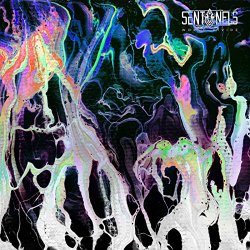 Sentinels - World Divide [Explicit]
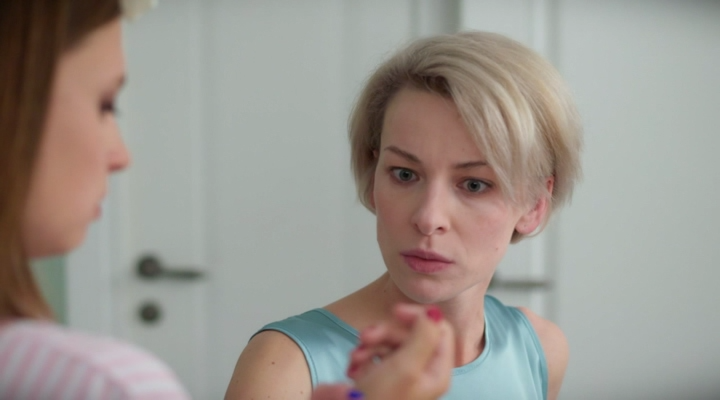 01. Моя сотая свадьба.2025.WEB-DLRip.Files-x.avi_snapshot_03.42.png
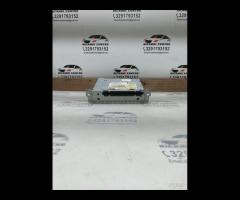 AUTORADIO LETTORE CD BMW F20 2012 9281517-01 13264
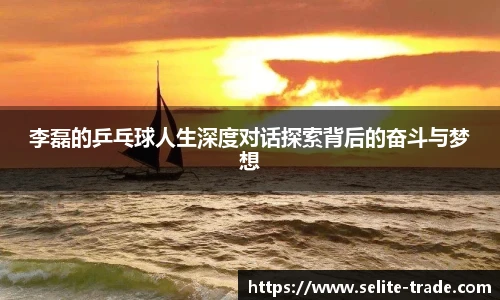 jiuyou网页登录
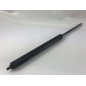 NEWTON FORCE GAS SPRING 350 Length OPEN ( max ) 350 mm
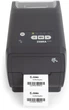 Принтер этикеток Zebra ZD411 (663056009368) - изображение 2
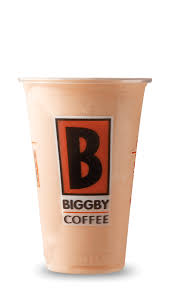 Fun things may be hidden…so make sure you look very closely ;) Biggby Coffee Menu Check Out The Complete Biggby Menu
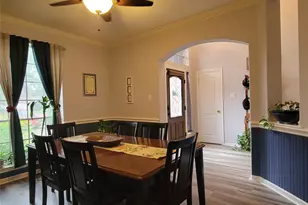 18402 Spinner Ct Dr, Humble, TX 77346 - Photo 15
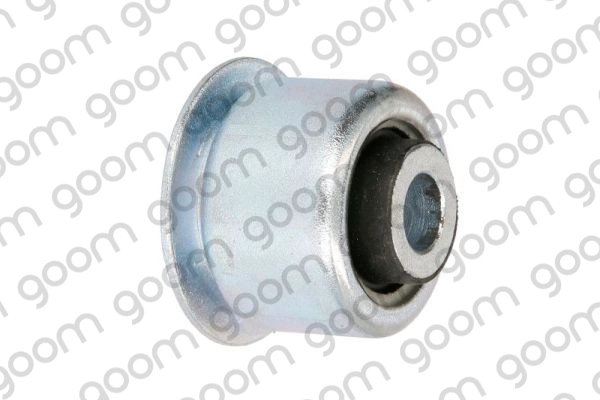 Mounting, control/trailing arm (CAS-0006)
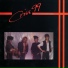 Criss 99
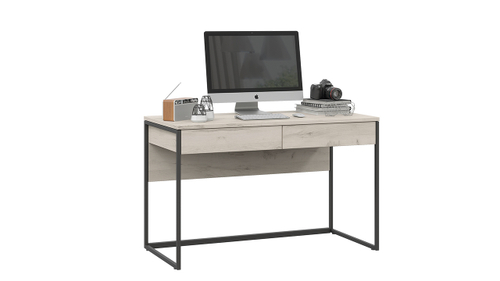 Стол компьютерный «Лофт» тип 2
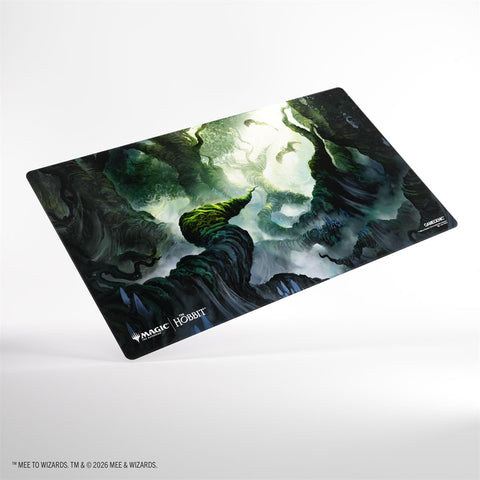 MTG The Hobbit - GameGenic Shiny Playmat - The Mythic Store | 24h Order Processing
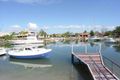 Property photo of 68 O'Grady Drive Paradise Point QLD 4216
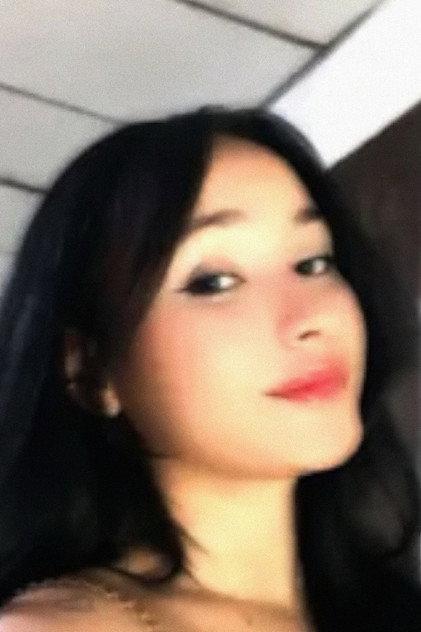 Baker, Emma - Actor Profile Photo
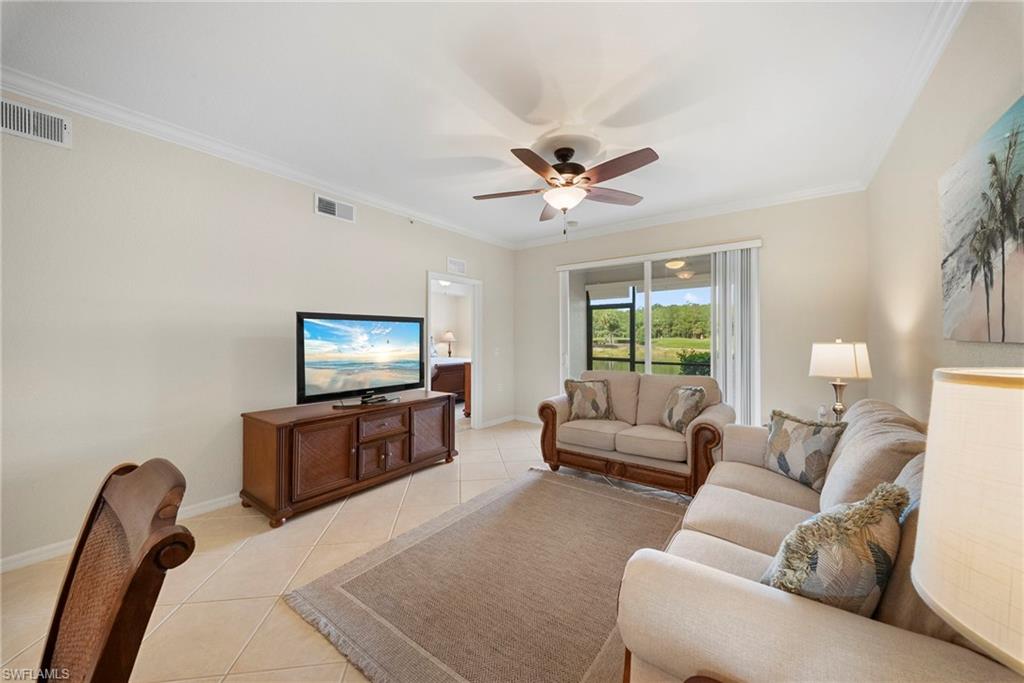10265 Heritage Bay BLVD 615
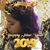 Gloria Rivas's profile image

▬▬▬▬▬▬▬▬▬▬

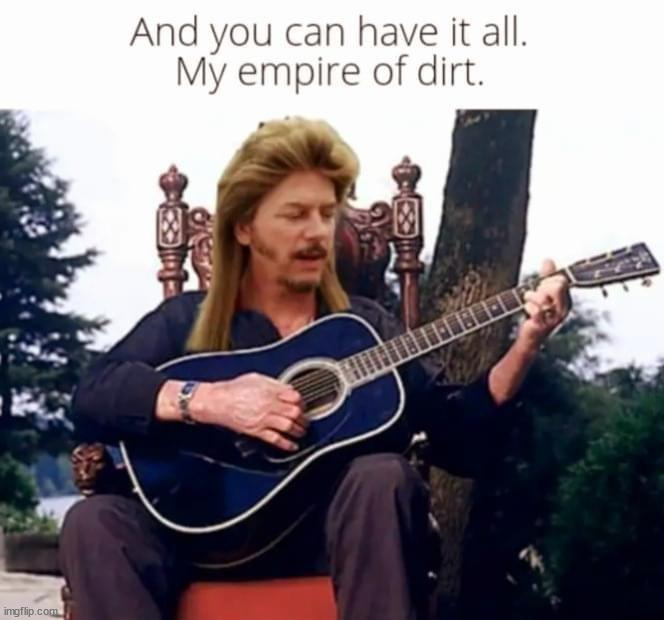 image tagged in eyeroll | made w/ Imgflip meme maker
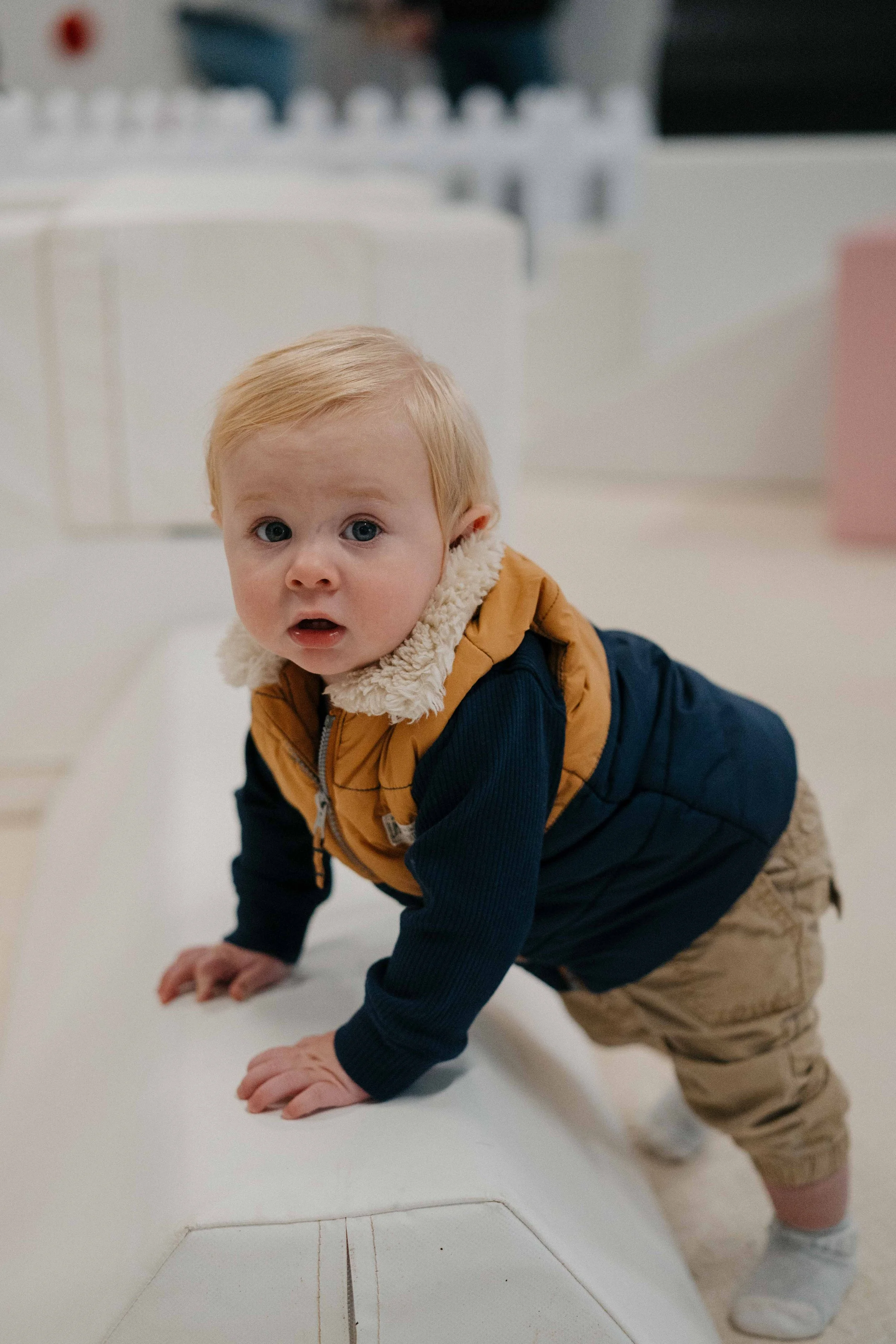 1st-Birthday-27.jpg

▬▬▬▬▬▬▬▬▬▬

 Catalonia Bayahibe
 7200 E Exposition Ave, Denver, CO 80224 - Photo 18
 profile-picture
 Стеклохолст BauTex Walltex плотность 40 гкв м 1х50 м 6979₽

▬▬▬▬▬▬▬▬▬▬

Problem details
Starting at the line above that has "Sentinels - World Divide [Explicit]" and ending at the line that has "NEWTON FORCE GAS", copy each line exactly, leaving the pictures out and adding nothing.

Result
 Sentinels - World Divide [Explicit]
 01. Моя сотая свадьба.2025.WEB-DLRip.Files-x.avi_snapshot_03.42.png
 AUTORADIO LETTORE CD BMW F20 2012 9281517-01 13264
 jiuyou网页登录
 NEWTON FORCE GAS SPRING 350 Length OPEN ( max ) 350 mm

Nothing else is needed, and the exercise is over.